I think the above may clash with either the definition or an implementation of #pragma; I can't recall ever successfully using a macro that expands to any directive. But that could be because I haven't tried it in the last twenty years :-) #if PARALLEL #pragma omp ... #endif For ( Sagans of rows of data ) do something_expensive() Should "work" but not in a way that is likely to lead to a good general-purpose library interface.
The compression algorithms (zip, ...) (part of the streams library?) would be a very good candidate. I once tested a parallel bzip2 algorithm and it scales really well.
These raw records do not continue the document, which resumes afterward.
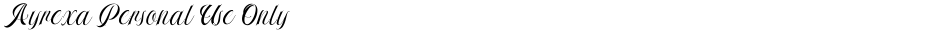 Ayrexa Personal Use OnlyDemo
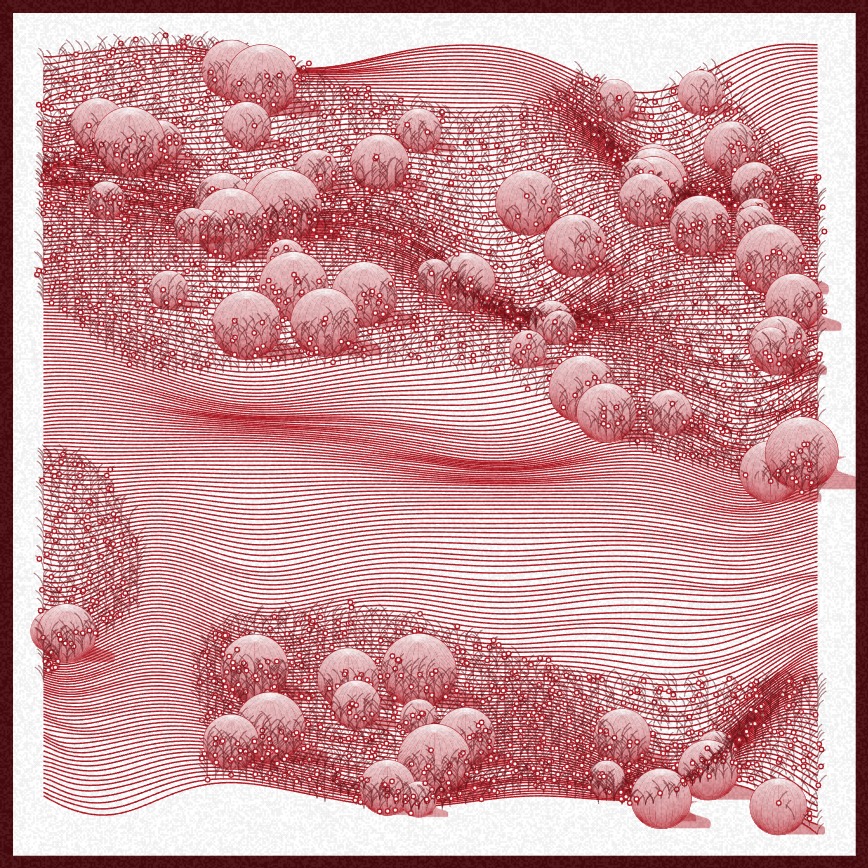 Good morning ☕️

Now I show you a new component, I have created these spheres. It offers a minimalist and clean environment when looking at the image.
What do you think of this new figure?

Available soon at @trygamma
Almost there!

#genart #creativecoding #ordinals #javascript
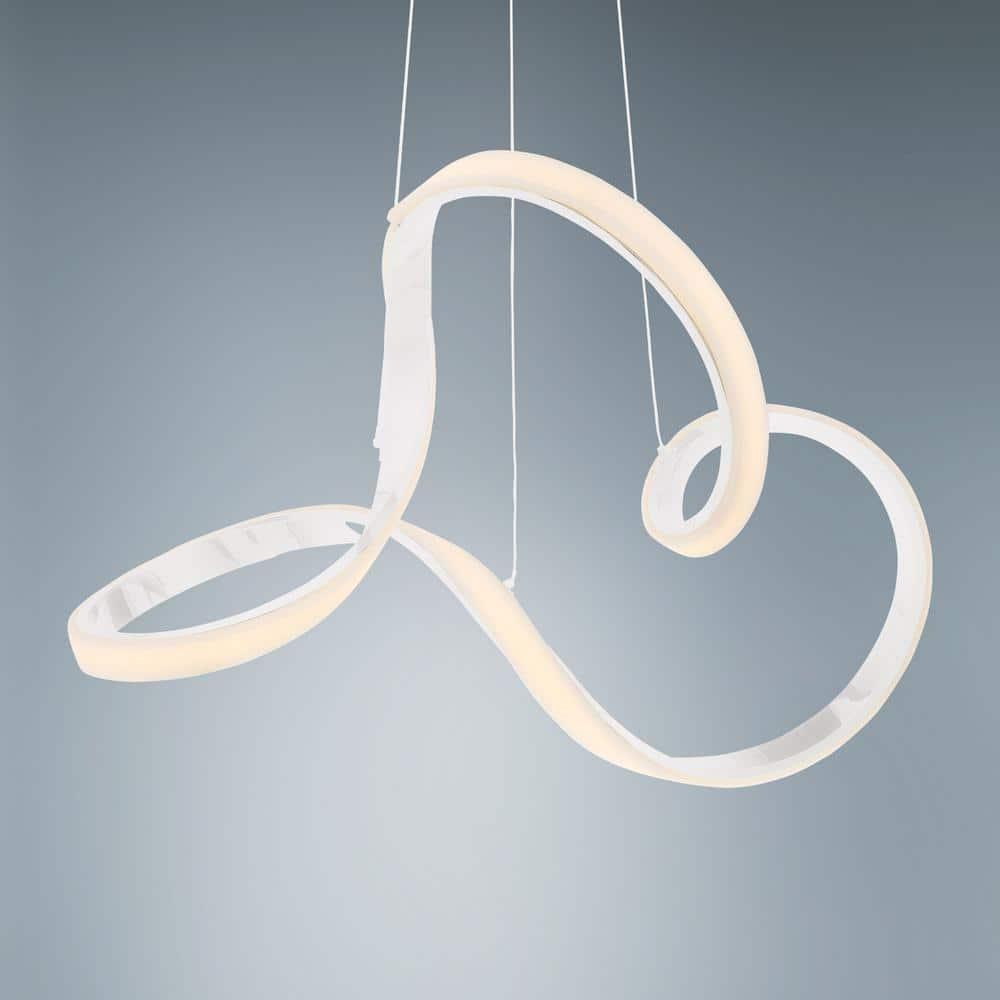 Vornado 23" White LED Pendant with Composite Shade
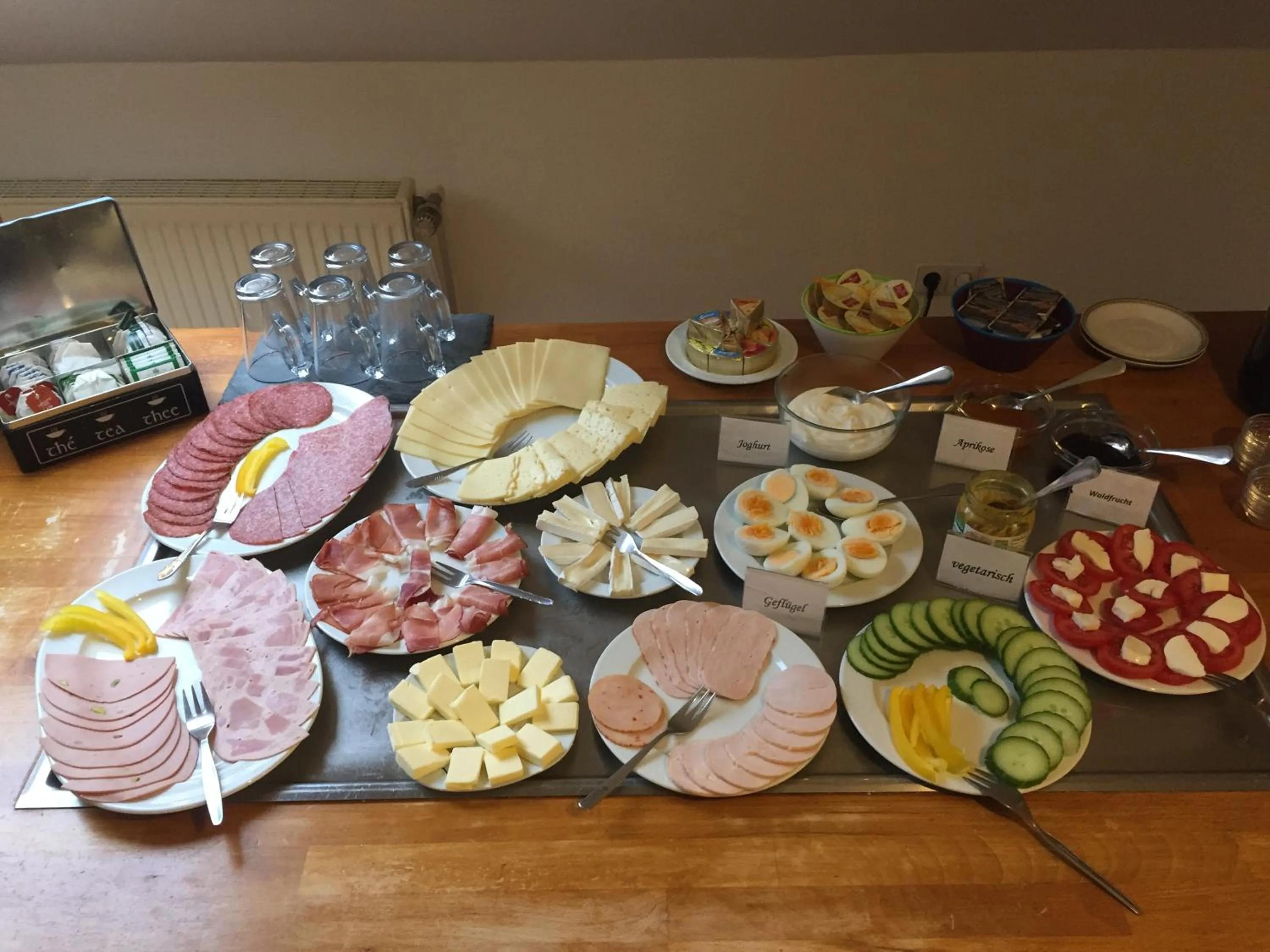 Breakfast in Hostel Jena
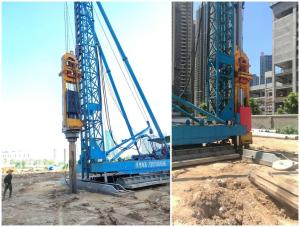 Quality 7T Hammer Piling Machine / Concrete Pile Driving Low Fuel Consumption wholesale
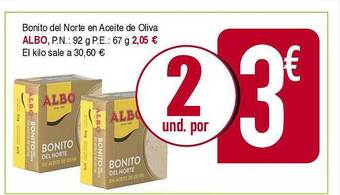 Masymas Bonito Del Norte En Aceite De Oliva Albo oferta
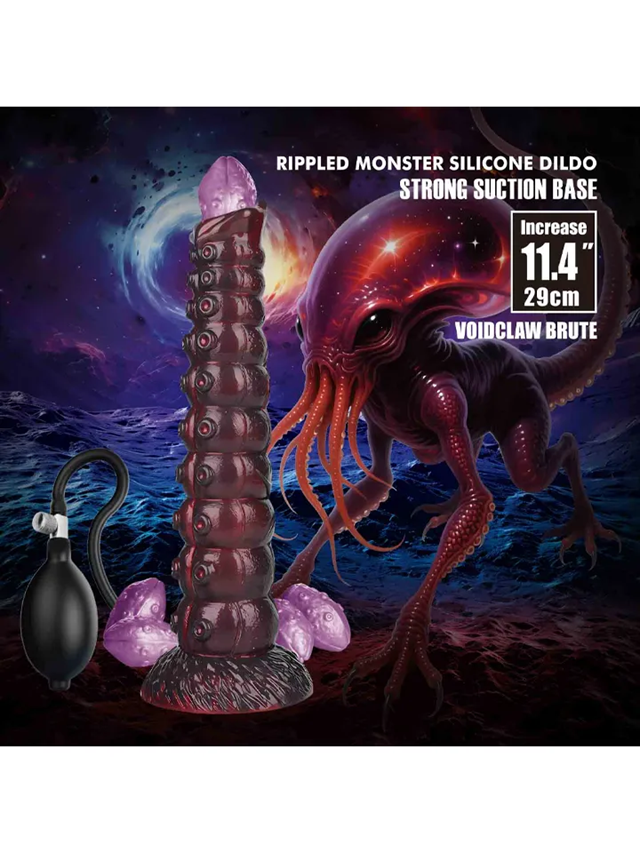 Voidclaw Brute Rippled Monster Silicone Dildo 29 cm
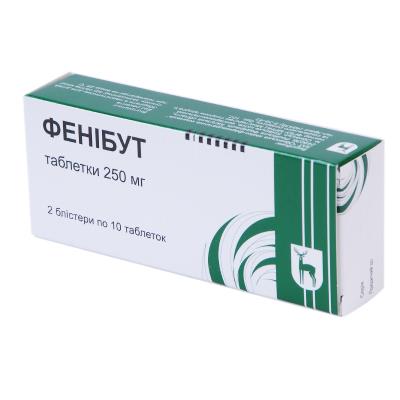 Фенибут таблетки по 250 мг №20 (10х2)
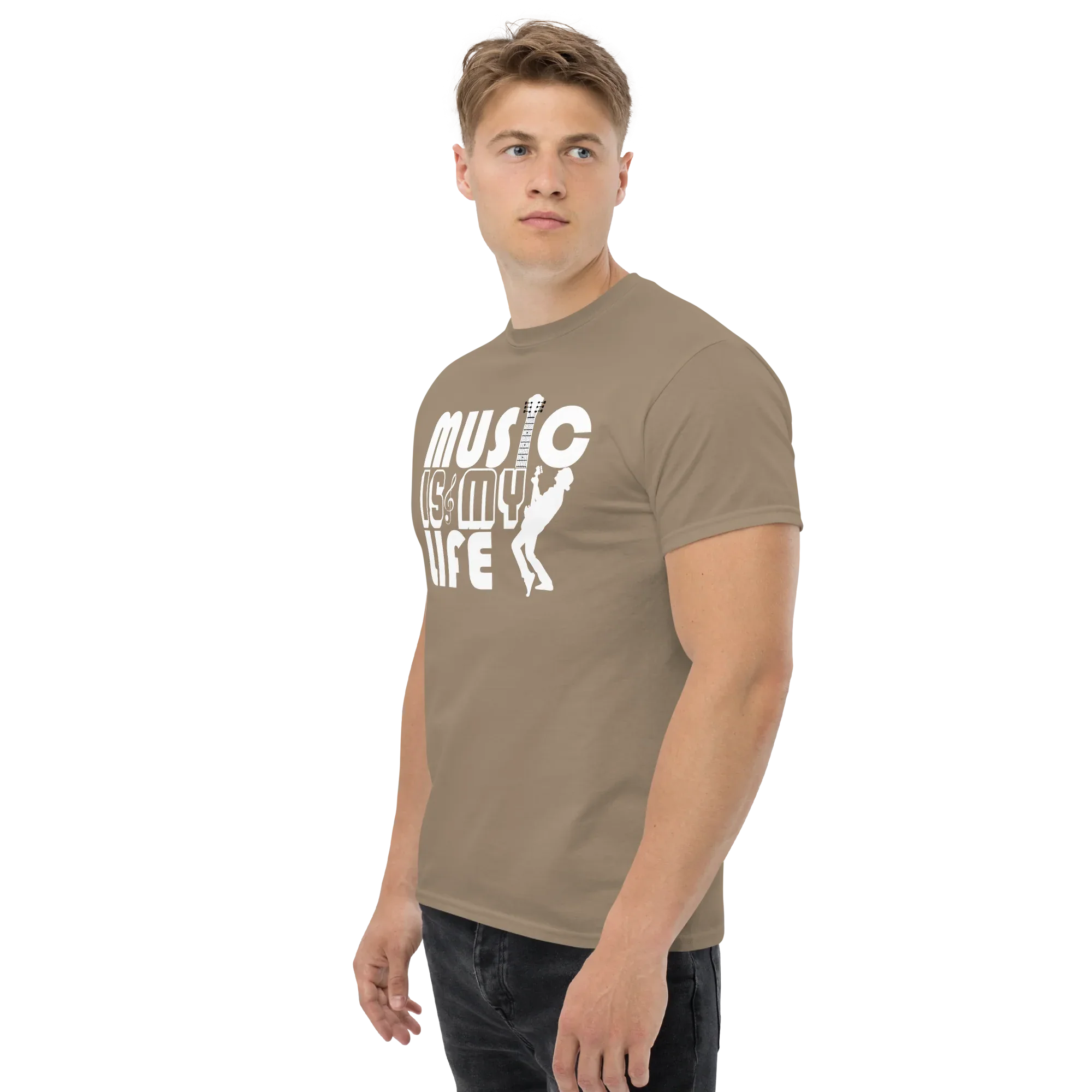 MUSIC IS MY LIFE unisex t-shirt - - Music t-shirts - Printoo Shop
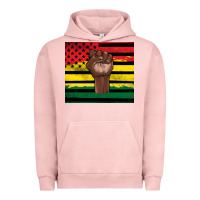Pigment Salmon Juneteenth American flag Urban Hoodie - Artiststas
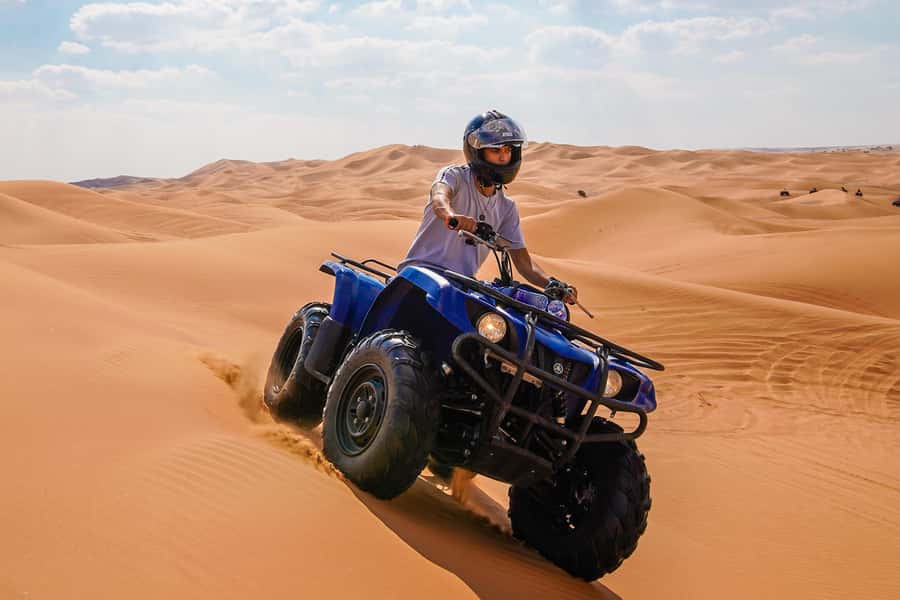 Dubai: Helicopter Ride, Desert Safari, Camels & Refreshments - Seeing Dubai from a 12-minute helicopter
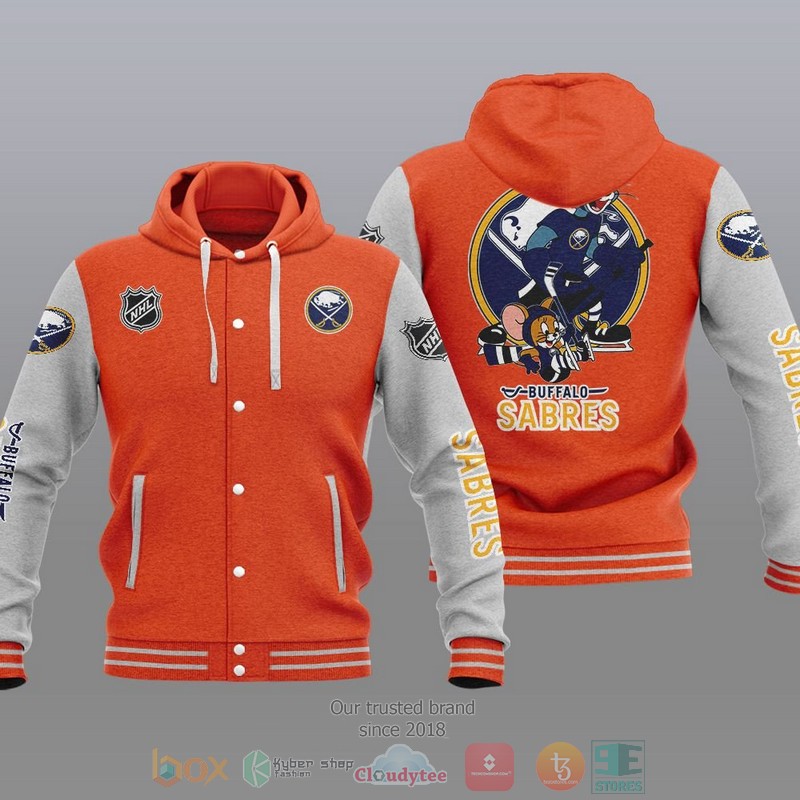 Buffalo Sabres Nhl Tom And Jerry Baseball Hoodie Jacket Buffalo Sabres Nhl Tom And Jerry Baseball Hoodie Jacket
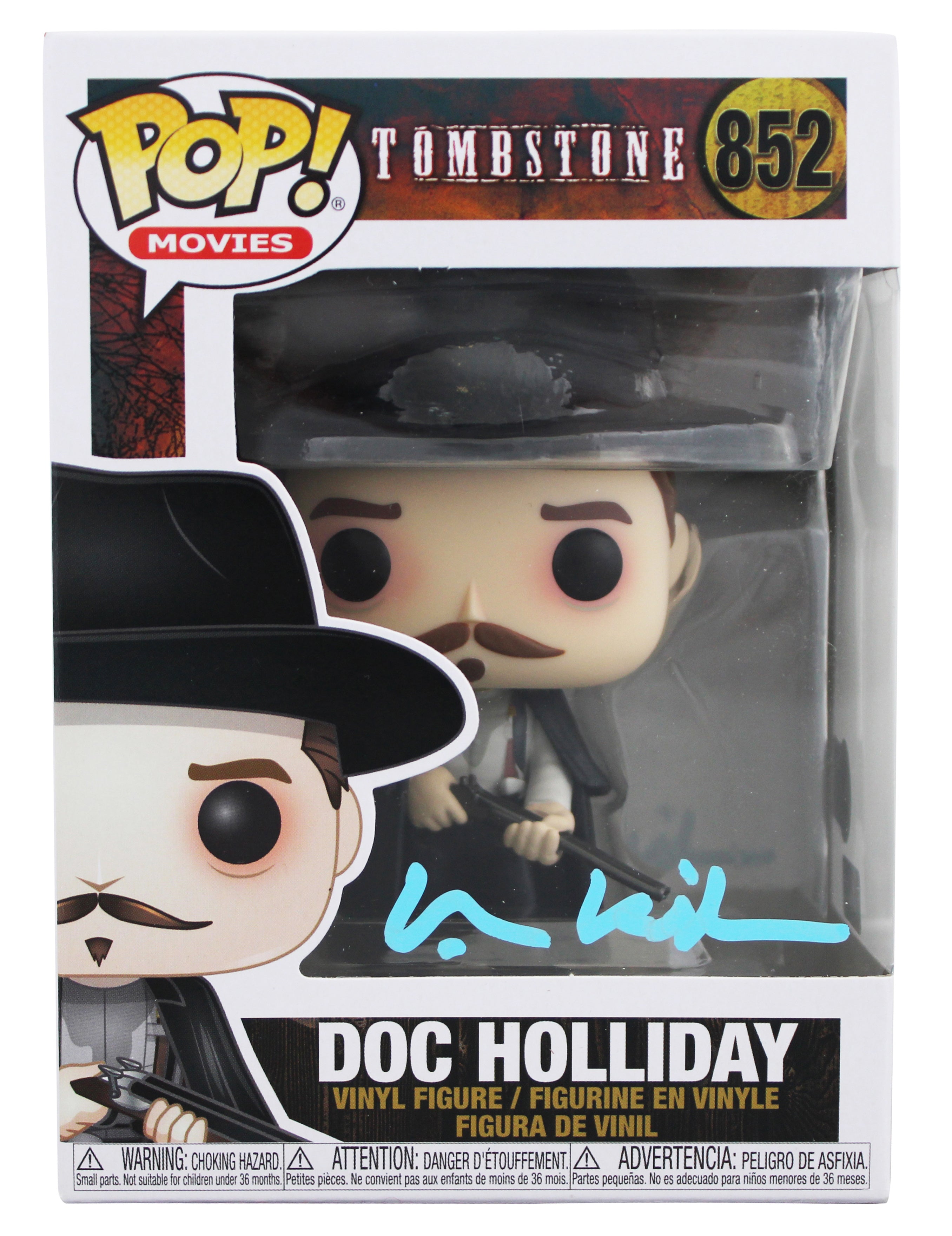 Val Kilmer Tombstone Signed Doc Holliday #852 Funko Pop Figure BAS #BT67610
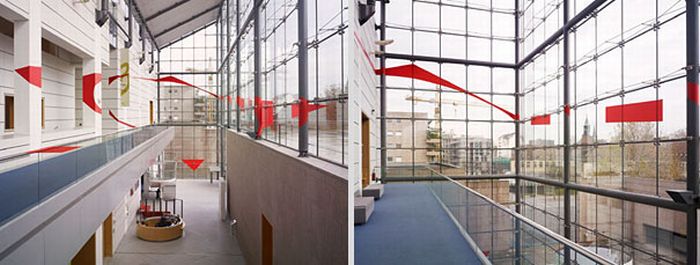 Anamorphic illusions by Felice Varini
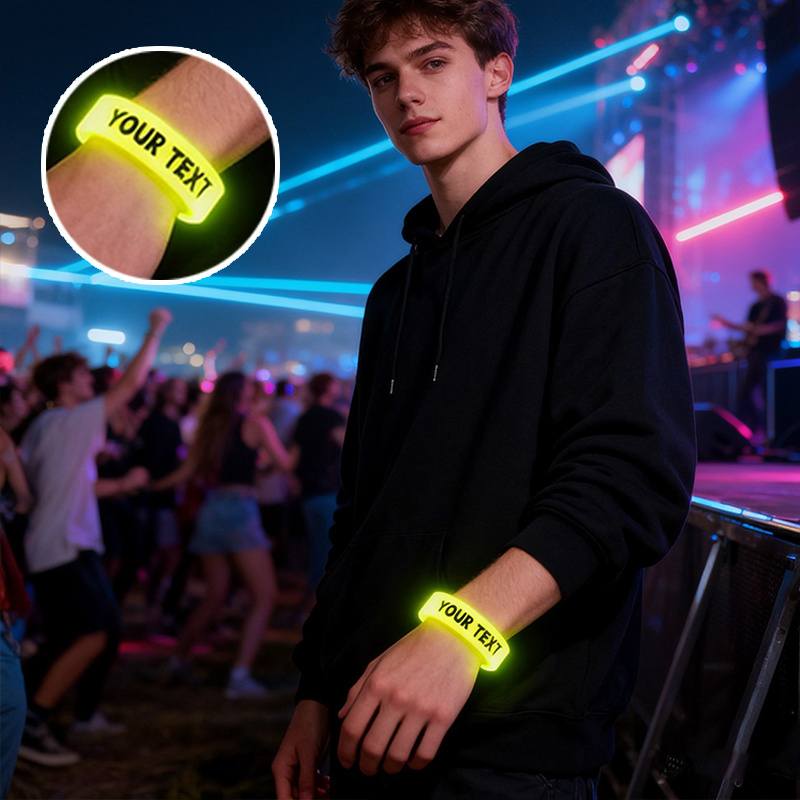 92pcs Glow-in-the-Dark Silicone Bracelets for Comfortable Wear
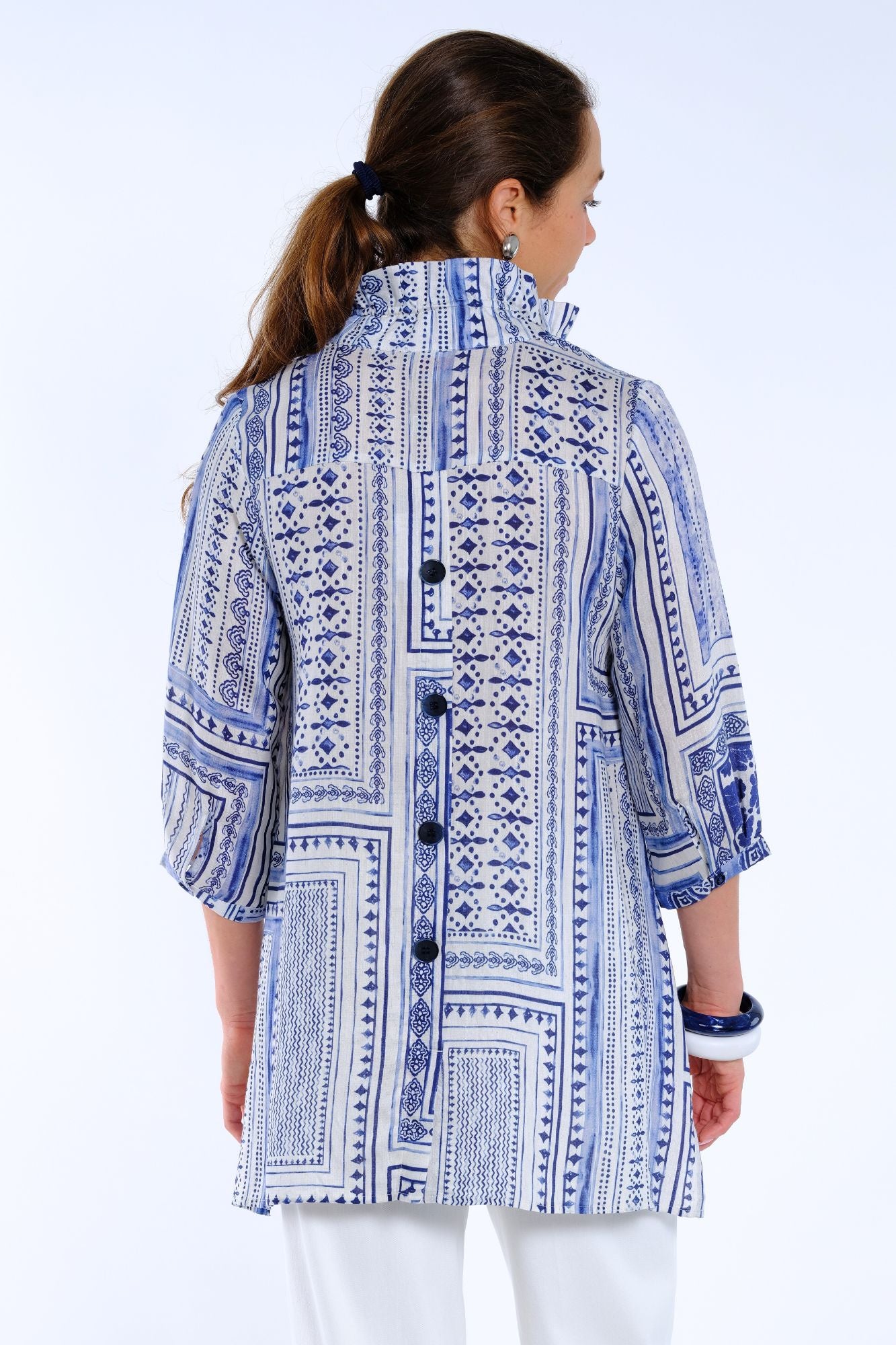 Lightweight casual printed blouse for women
Compression and crypto (and linear algebra, and image manipulation) are already available as threaded, micro-optimized, runtime-selected routines in the performance libraries from Intel and Amd; probably everybody else too. Wrapping them in boost interfaces with fallback implementations would be nice; it would encourage use of the best available implementations by programs with portability requirements. For my purposes, the ability to set up a "pipeline" like, say, serialization -> compression -> file i/o without having to code both sides of each relationship would be nice. It would also provide useful parallelism at a point in the application where the user is waiting for the program in many cases and, if generic enough, it could do so without requiring multithreading of the core algorithms of each of the filters. I wrote a hard-realtime system for Schlumberger back in the dark ages that had a multithreaded, typed data stream engine at its core. It was in C but designed with object-oriented concepts and would convert to a template library (+ compiled back end) very nicely. The coding discipline required to implement a source, sink, or filter was fairly rigid but the result was that the initialization script could paste together very elaborate, very high performance signal processing pipelines just by listing the names and parameters of the participants. We'd have to get permission from Schlumberger if we wanted to reuse any of my work products: anybody have a contact there? Note that, for programs working on very large datasets, any non-streaming interface can become a problem because it precludes efficient use of the storage hierarchy. If I must stream my data into an array before I pass it to the compression routine I've already lost: no matter how fast it is, it can't make up for the memory traffic I've already wasted compared with cache-to-cache producer/consumer transfers. Have a look at: http://developer.amd.com/TechnicalArticles/Articles/Pages/CrazyFastDataS haring.aspx A good producer / consumer pattern implementation framework may already exist in boost or elsewhere but if it does I haven't stumbled across it yet.